- TASK INSTRUCTIONS
Repeat nothing but the line that contains "Medium Photo #3" and the lines after it, through the end of the listing, exactly as they stand; omit pictures.

- SUPPLIED DATA
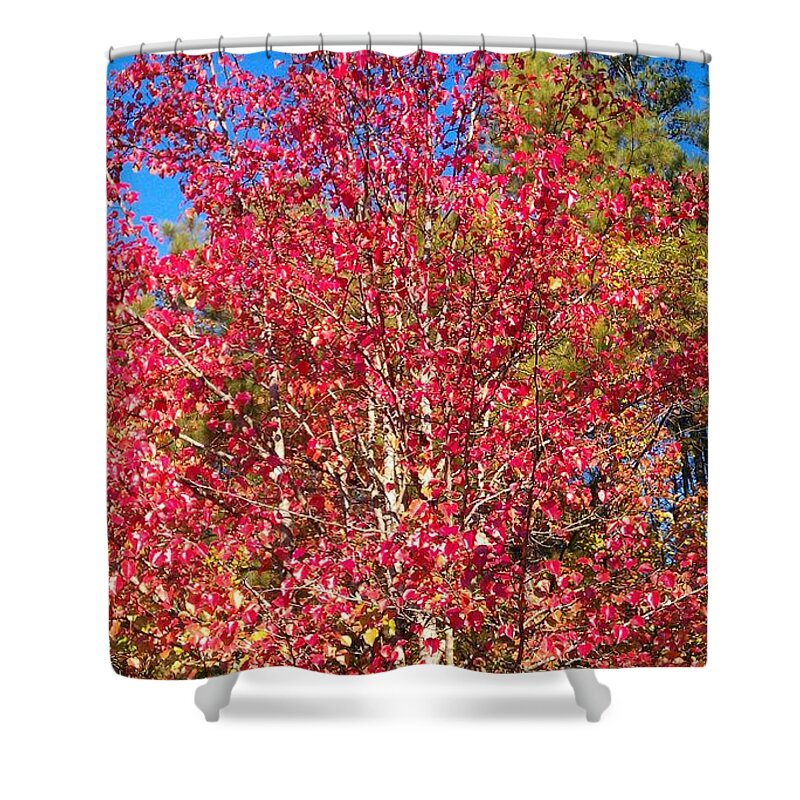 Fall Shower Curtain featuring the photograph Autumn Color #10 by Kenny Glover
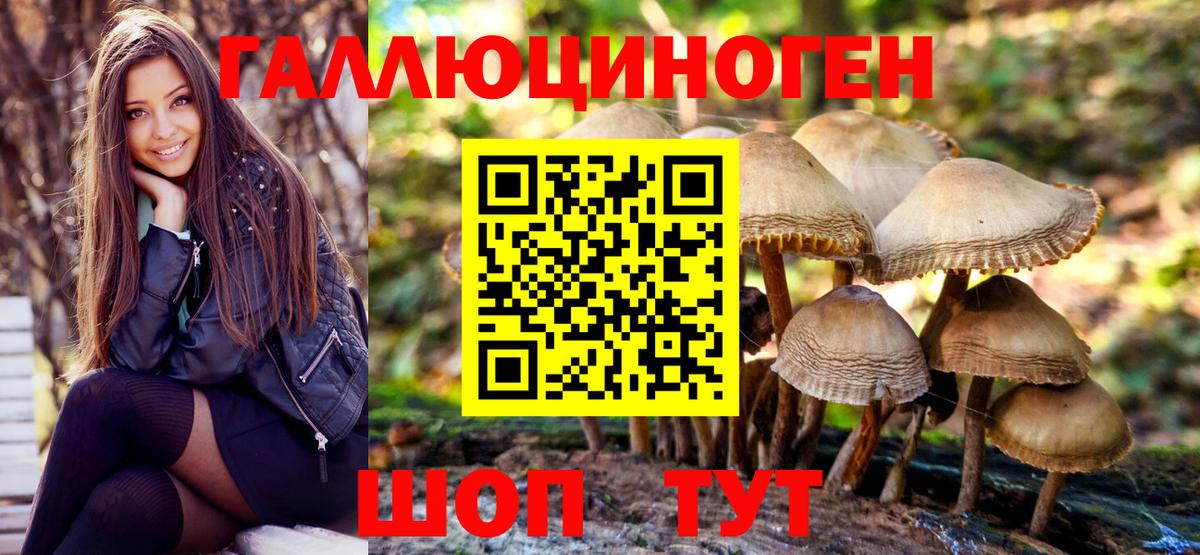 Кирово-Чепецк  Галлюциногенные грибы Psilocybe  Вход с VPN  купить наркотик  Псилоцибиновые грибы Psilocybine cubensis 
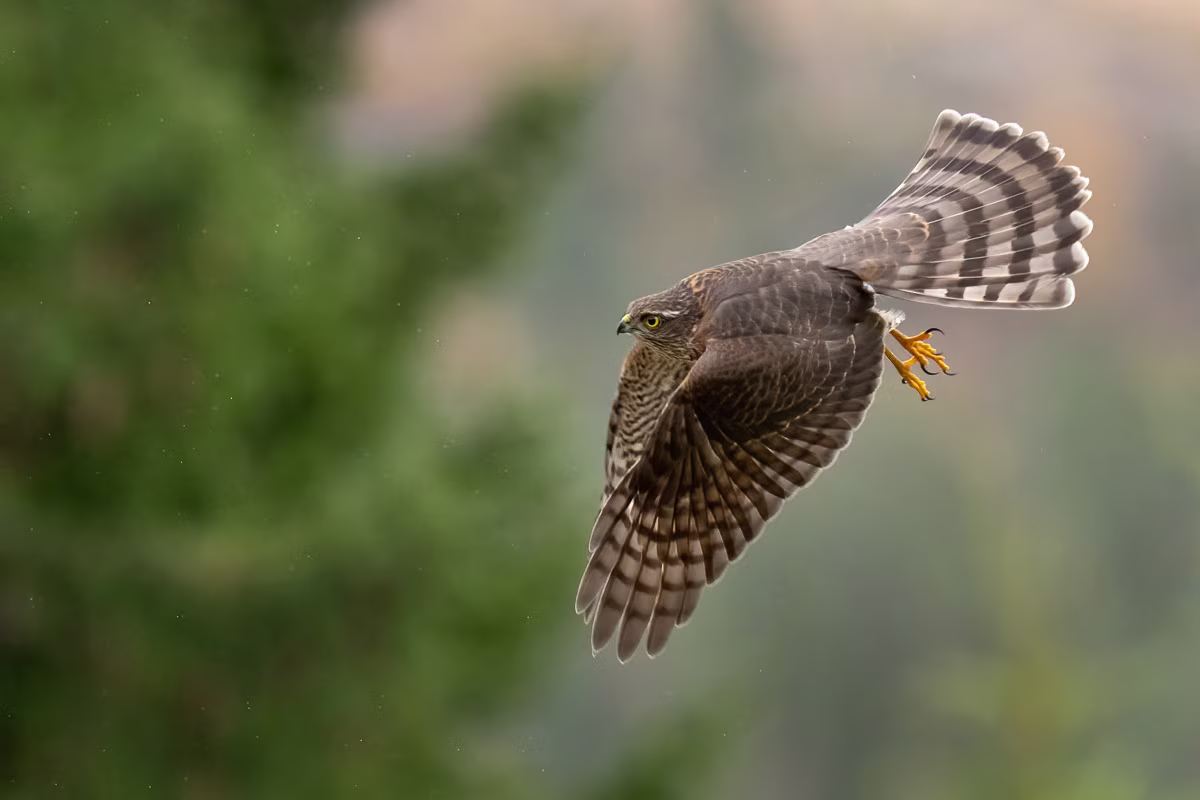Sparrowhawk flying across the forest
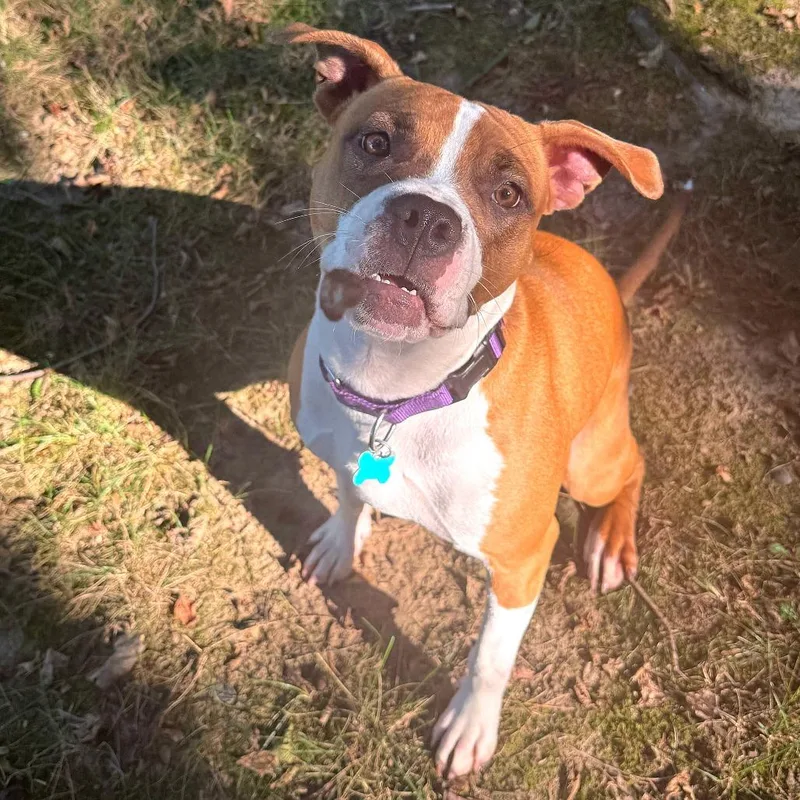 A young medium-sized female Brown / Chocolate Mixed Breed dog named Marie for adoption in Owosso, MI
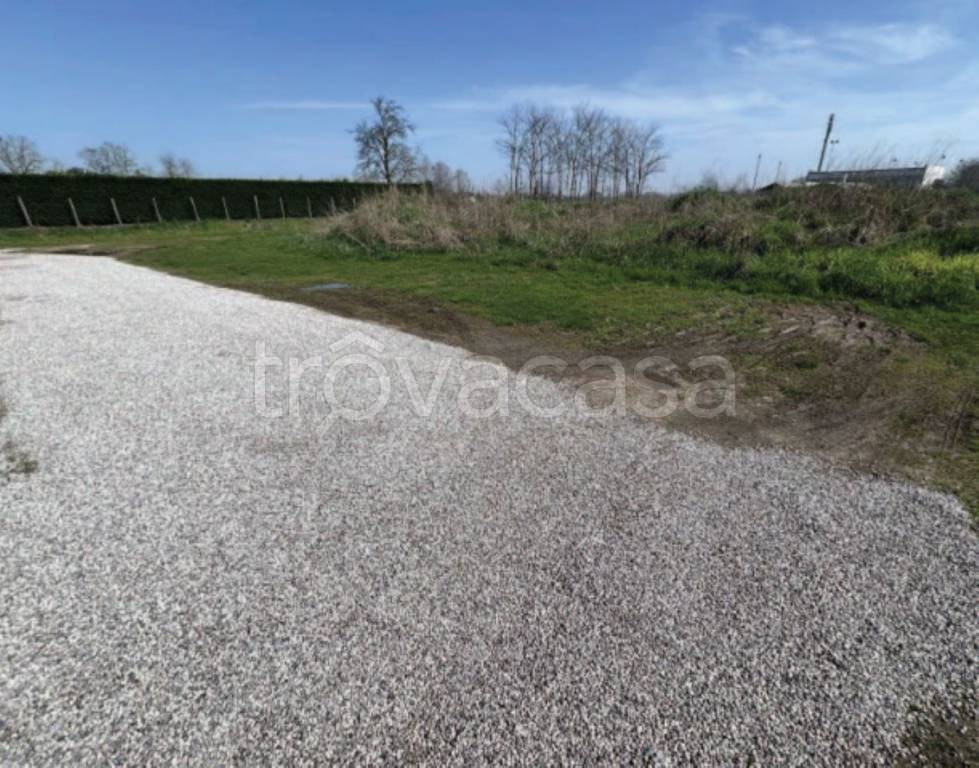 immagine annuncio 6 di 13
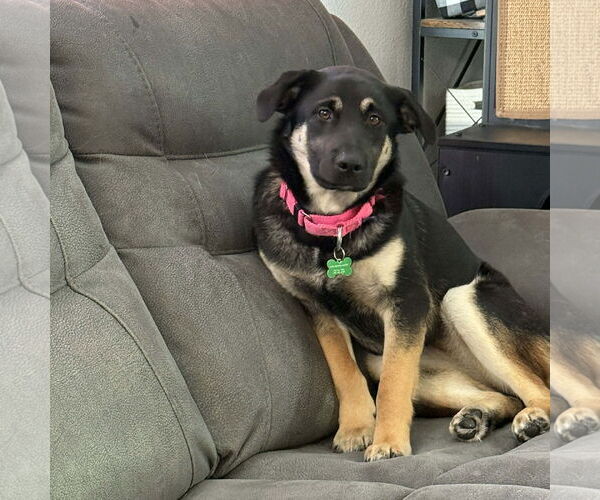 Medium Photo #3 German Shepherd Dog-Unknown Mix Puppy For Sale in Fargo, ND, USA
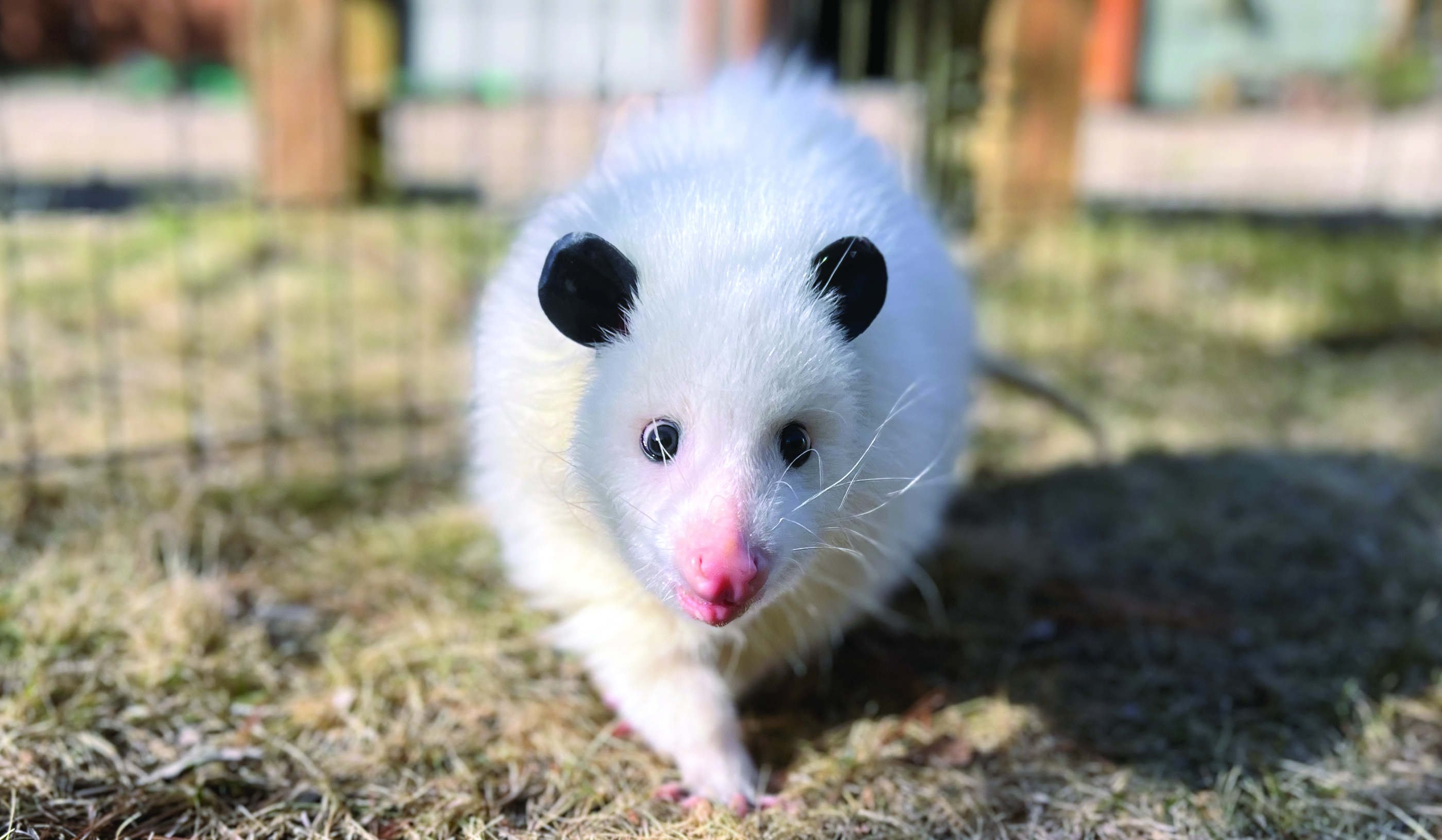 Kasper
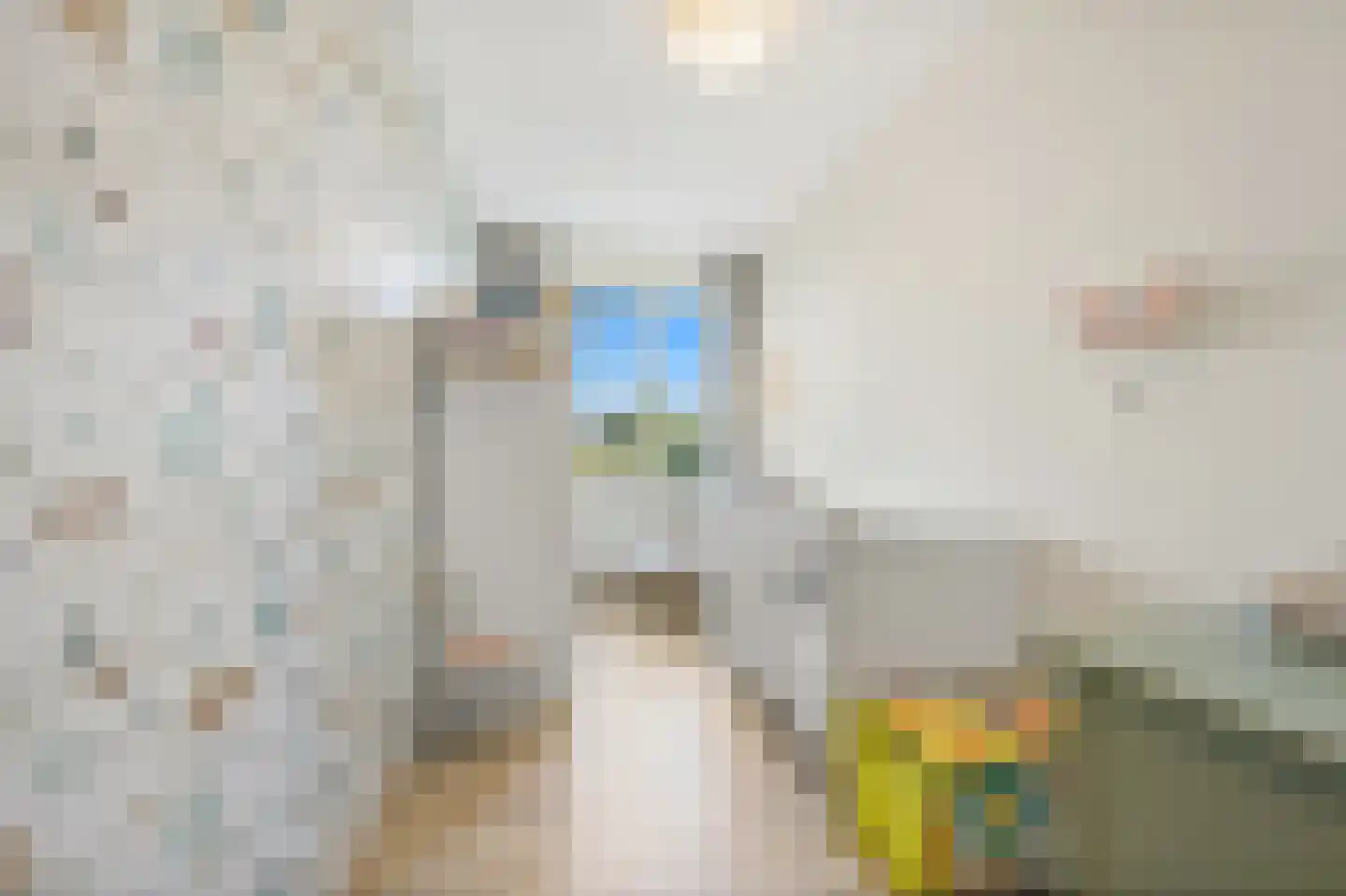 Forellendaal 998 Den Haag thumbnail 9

- WRITTEN REPLY
 Medium Photo #3 German Shepherd Dog-Unknown Mix Puppy For Sale in Fargo, ND, USA
 Kasper
 Forellendaal 998 Den Haag thumbnail 9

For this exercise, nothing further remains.